New York- London-Aden- Conflicts and devastation across the Middle East had led to countless children losing their entitled childhood. Dozens of reports document the daily suffering of a child growing up in war zones, in some cases showing challenges that can barely be overcome by a fully grown adult being taken on by mere children. Starvation, war, displacement, armed recruitment and arrests all are tragedies highlighting a dashing number of Middle Eastern children’s day-to-day life.
No essay or report can hold a candle to the unfortunate events and heartbreaks faced by children born into swathes of warzones in the world.
Over 60 percent of Syria’s children have been deprived of their right to education—children in war-ravaged eastern Aleppo, and those surviving in areas under deadlock are dancing with death as starvation and disease spread with the continued lack and medical and food aid.
Neighboring Iraq is no less of a tragedy, with at least a million children facing the tough life in the swamps of makeshift camps. Hundreds of Palestinian kids are spending their childhoods behind Israeli prison bars.
And perhaps the most appalling abuse facing the youth of the Arab world, is the unwarranted recruitment of children in Yemen by coup militias, denying them the basic human rights and the promise of a better tomorrow.
The Universal Children’s Day, Nov.20, should serve as a reminder that the world must commit itself to the protection and fulfillment of children’s rights everywhere.
Highlighting the plight of millions of children around the world, the head of United Nations Children’s Fund, UNICEF, has called on everyone to recommit themselves to protect the rights of every child.

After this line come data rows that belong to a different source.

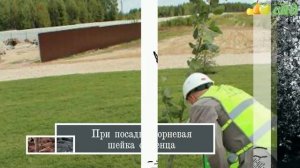 Посадка сливы - как правильно посадить сливу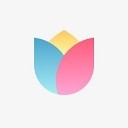 小米画报手机安卓版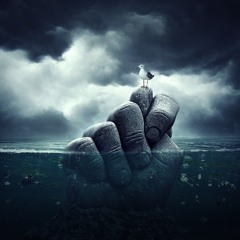 Pacific Bass Culture - the Storm (jason mcmillion remix)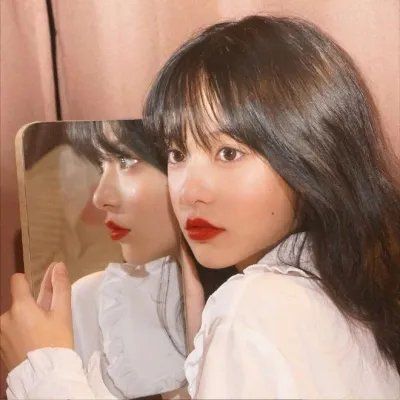 动物成长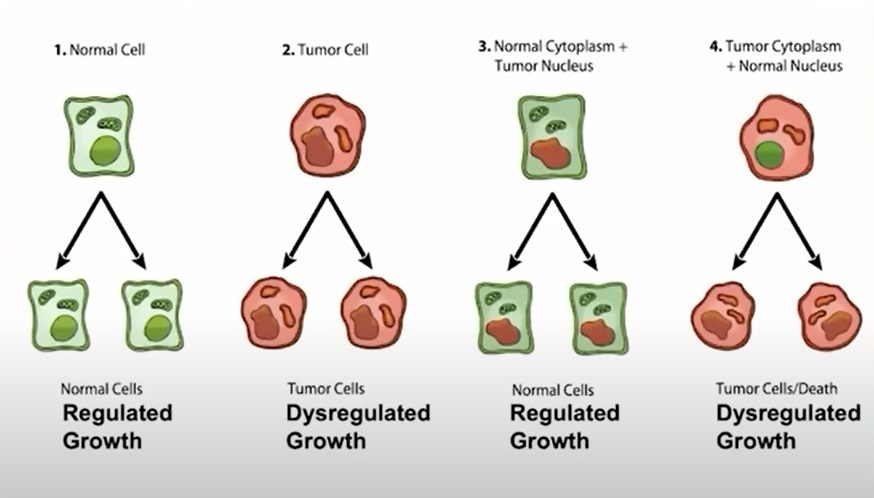 GRAPHIQUE DU DR. THOMAS SEYFRIED DÉMONTRANT QUE LE CANCER EST MÉTABOLIQUE ET NON GÉNÉTIQUE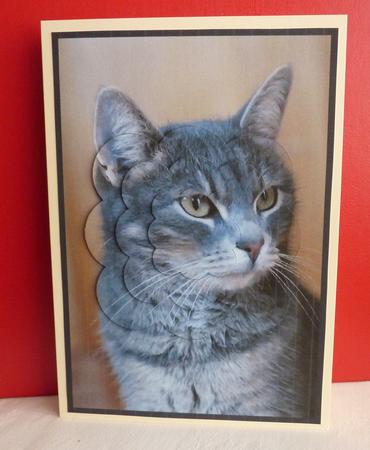 Grey Cat Scalloped Pyramid by Anne Jackson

“When we protect their rights, we are not only preventing their suffering. We are not only safeguarding their lives. We are protecting our common future,” said the UNICEF Executive Director, Anthony Lake, in his message on Universal Children’s Day.
Established on 20 November 1954, U.N. Universal Children’s Day promotes international togetherness, awareness among children worldwide, and improving children’s welfare.

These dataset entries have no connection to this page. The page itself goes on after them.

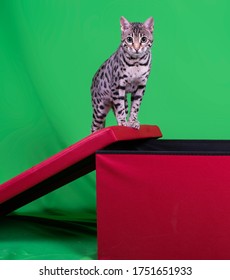 Cat Show On Background Green Screen 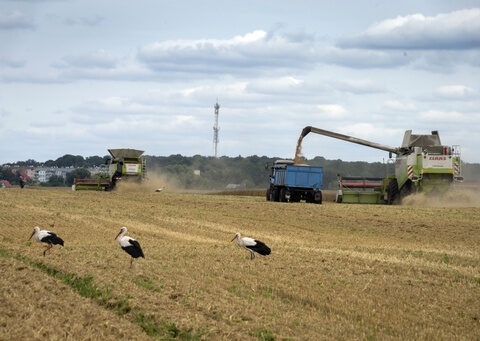 Russia halts wartime deal allowing Ukraine to ship grain. It's a blow to global food security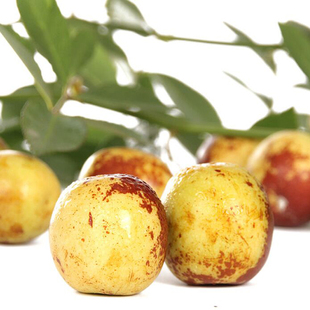 ز˿ʲժ֭5װ2500g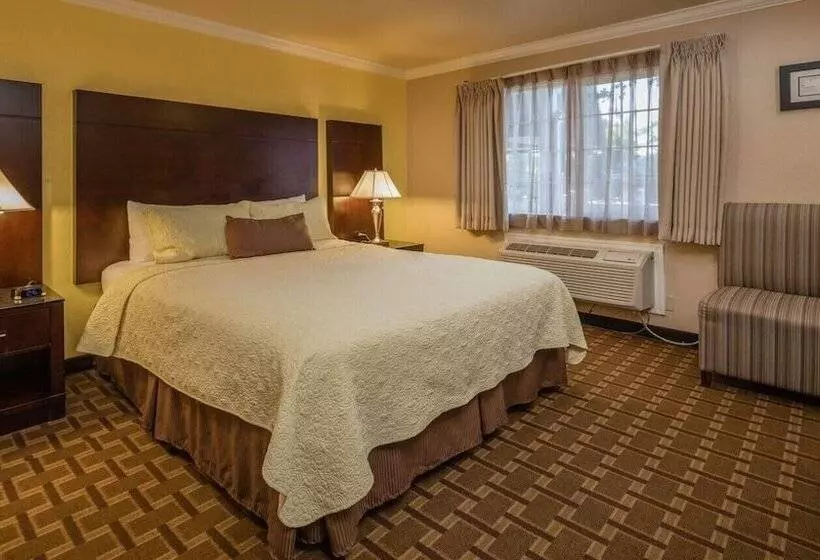 Отель Stage Coach Lodge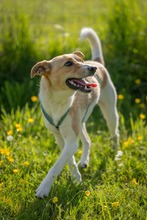 FELLI, Hund, Mischlingshund in Frankfurt - Bild 4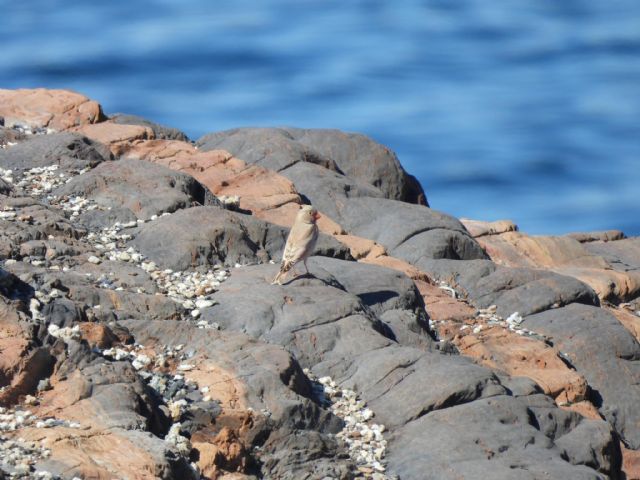 La Comunidad concluye un estudio sobre la ZEPA Almenara, Moreras y Cabo Cope que identifica 83 especies de aves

Nov.20 also marks the day in 1989 when the U.N. General Assembly adopted the Convention on the Rights of the Child, a human rights treaty that changed the way children are viewed and treated as human beings with a distinct set of rights instead of as passive objects of care and charity.
Further in his message, Lake called on the world to confront the “uncomfortable truth” that around the planet, the rights of millions of children are being violated every day.

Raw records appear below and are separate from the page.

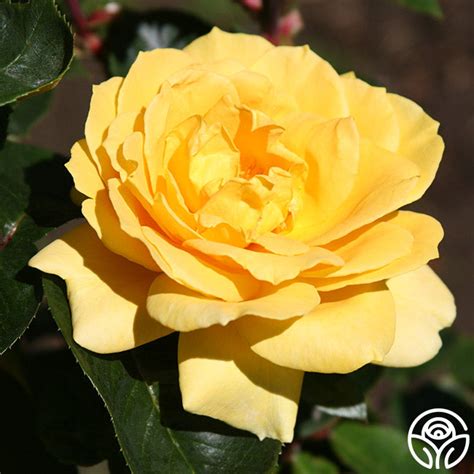 Oregold Rose Hybrid Tea Lightly Fragrantn Heirloom Roses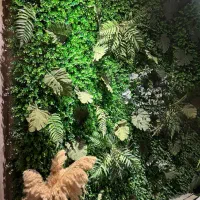 دیوار سبز آماده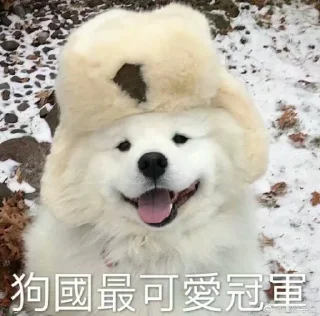 Sticker from 萨摩耶(Samoyed) & more by @momo_li ⭐️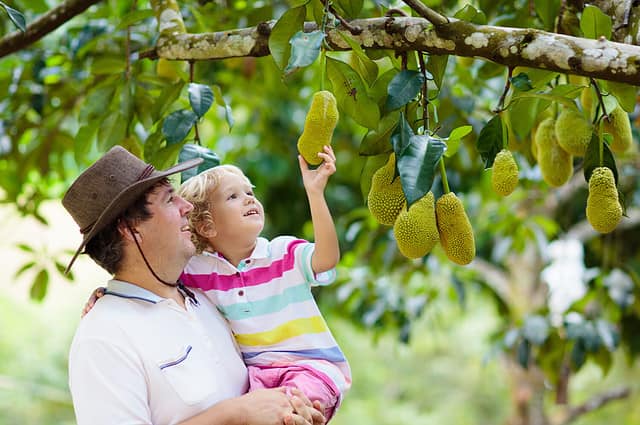 Jackfruit growing on tree. Father and son picking exotic tropical fruits of Thailand and Malaysia. Man and child watching ripe jack fruit on organic farm in South East Asia. Travel with kids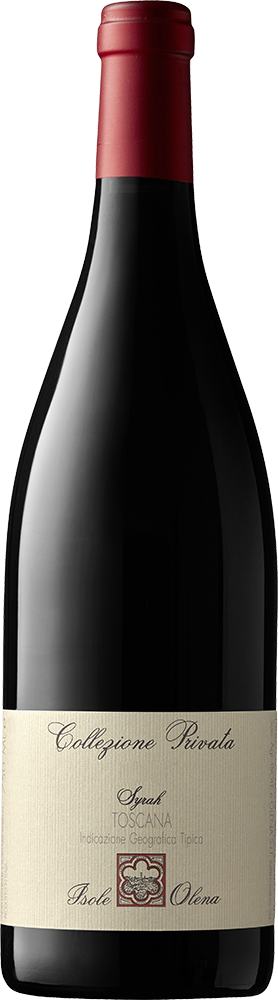 2021 Syrah Toscana IGP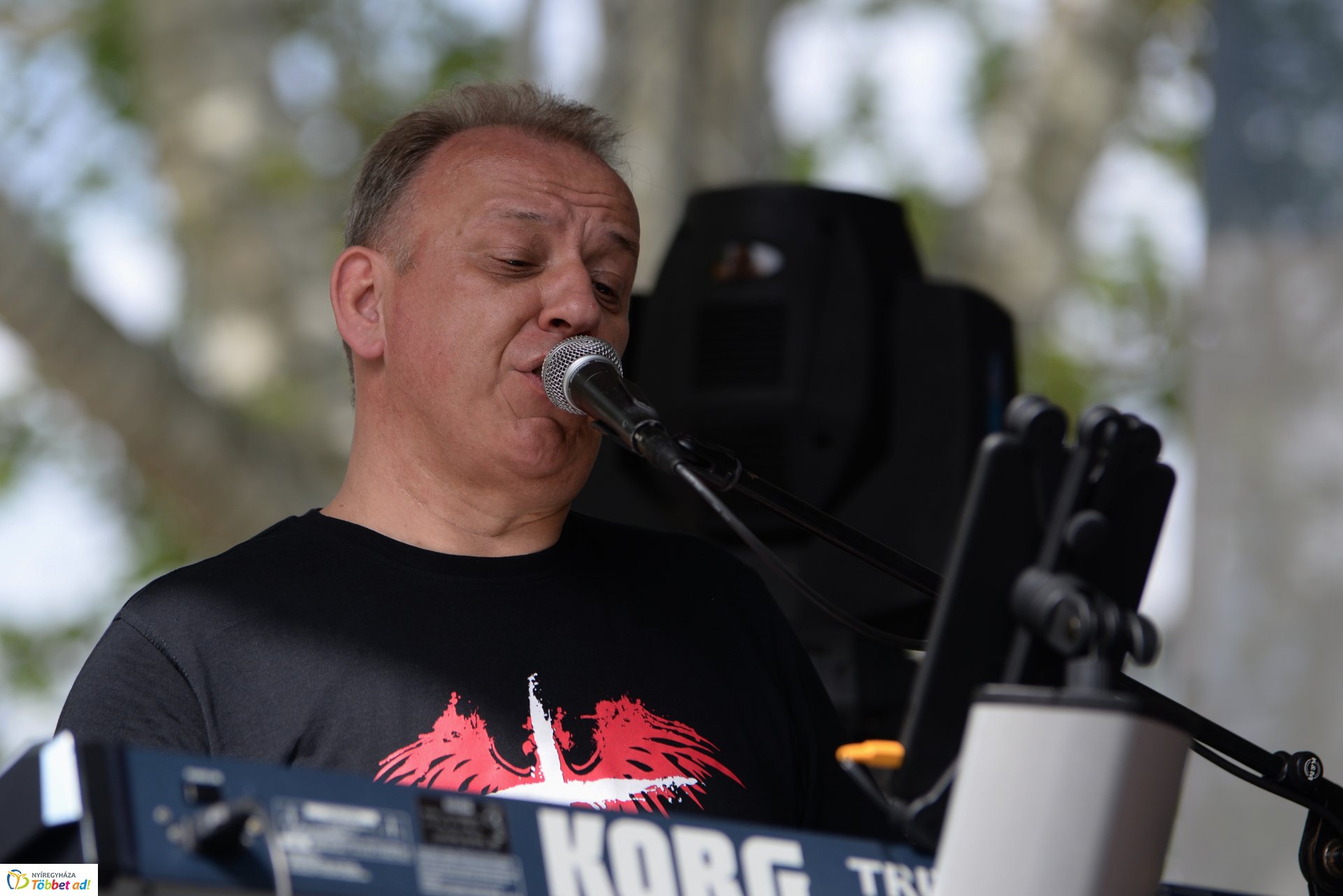 Helló Nyíregyháza! délutáni programok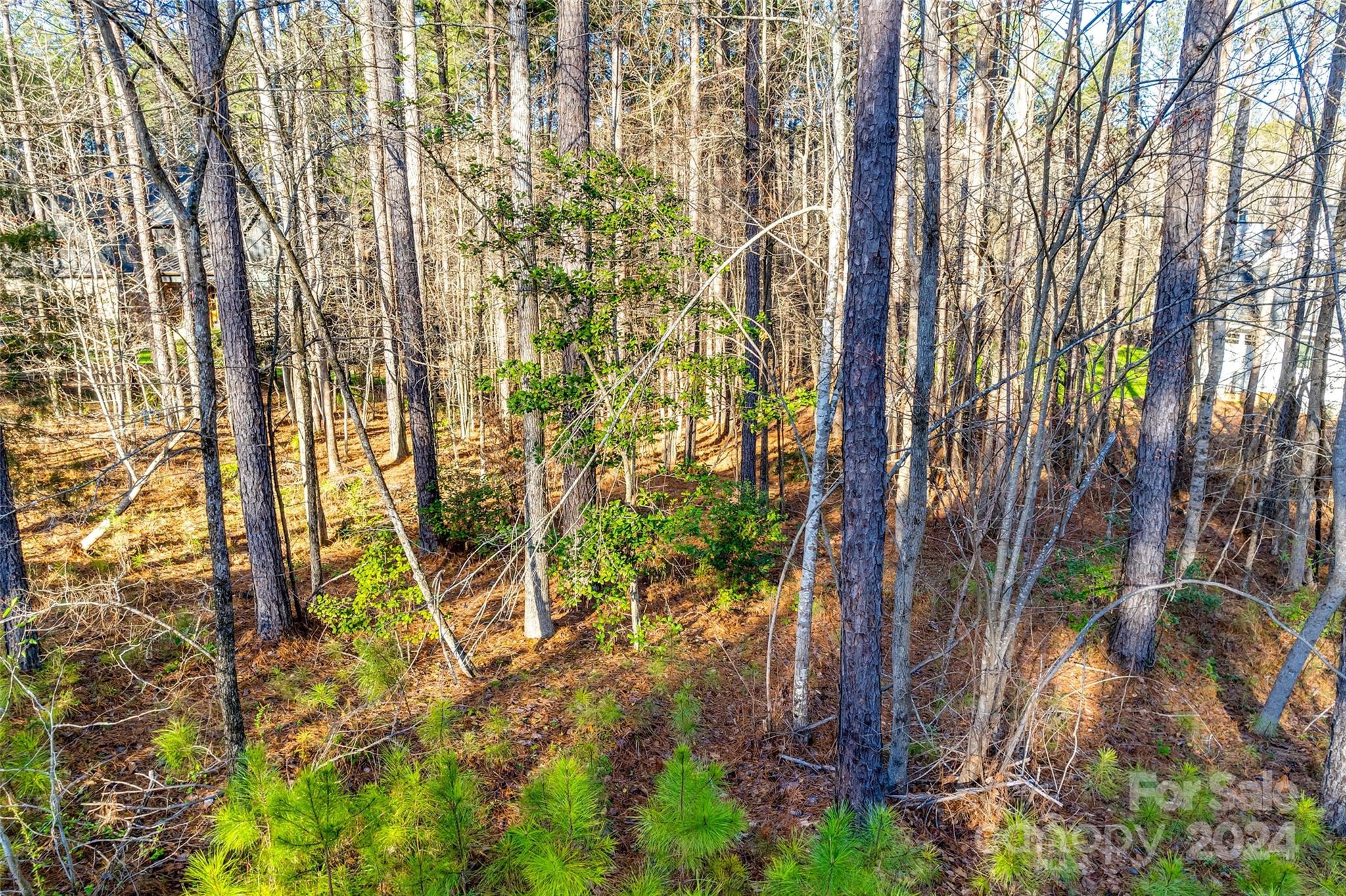 Riverchase Estates - Land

Blood-Soaked Innocence, Suffering Facing Syria’s Children
The Syrian Network for Human Rights (SNHR) report in June documented the killing of 19,773 children at the hands of regime forces since March 2011 including 297 children who were killed by snipers and 159 who died under torture.
The report notes that 10,891 have experienced detention at regime forces detention centers as there are 2,716 children who are still under arrest.
The report also points out that 37,000 children have lost their fathers at least while about 6,000 have lost their mothers.
Additionally, the report documents that 4,083 educational facilities have been damaged which resulted in no less than 2 million children losing access to an education in Syria. Furthermore, regime forces recruited hundreds of children in direct and indirect combative operations.
As for ISIS, the report says that ISIS hardliners have perpetrated war crimes that include indiscriminate bombing, extrajudicial killing, torture, physical violence, enforced conscription, and using schools as military centers. At least 351 children have been killed by ISIS since the terror organization emerged in April 2013, while 217 children are being arrested by ISIS.
The report also sheds light on the children who were born in refuge-granting countries and don’t have any of their necessary identification documents. The SNHR estimates that at least 148,000 children among refugees have no identification papers.
The report calls upon the international community to uphold its responsibilities to end the conflict in Syria, deliver proper aid to children in besieged areas, and force mainly the Syrian regime to end the siege. Also, the report urges the international community to further support neighboring countries in order to provide better healthcare and education.
Iraq’s Children Captive to Trenches of Displacement, Labor
Regional conflict has adversely affected the development and well-being of children, beginning in 2012 with the arrival of almost 250,000 Syrian refugees into the Kurdistan region of Iraq.
This was followed by the eruption of conflict within Iraq in early 2014. Both events have thrown children’s lives into chaos, disrupted education for millions of children, and made them more vulnerable to deadly diseases such as polio and cholera.
As of mid-2016, 3.4 million Iraqis – almost 10% of the population – are now displaced, and millions more are in need of urgent humanitarian assistance. This massive internal displacement, as well as conflict-related economic decline, have put enormous strain on the host communities and strained social systems.
Since 2014, UNICEF has verified 869 child deaths, and 834 child injuries in Iraq. The actual number is likely to be much higher. Nearly 1 million school-aged children are internally displaced, and 70 per cent of them have lost an entire year of school, placing them at increased risk of early marriage, child labor, and recruitment into armed groups.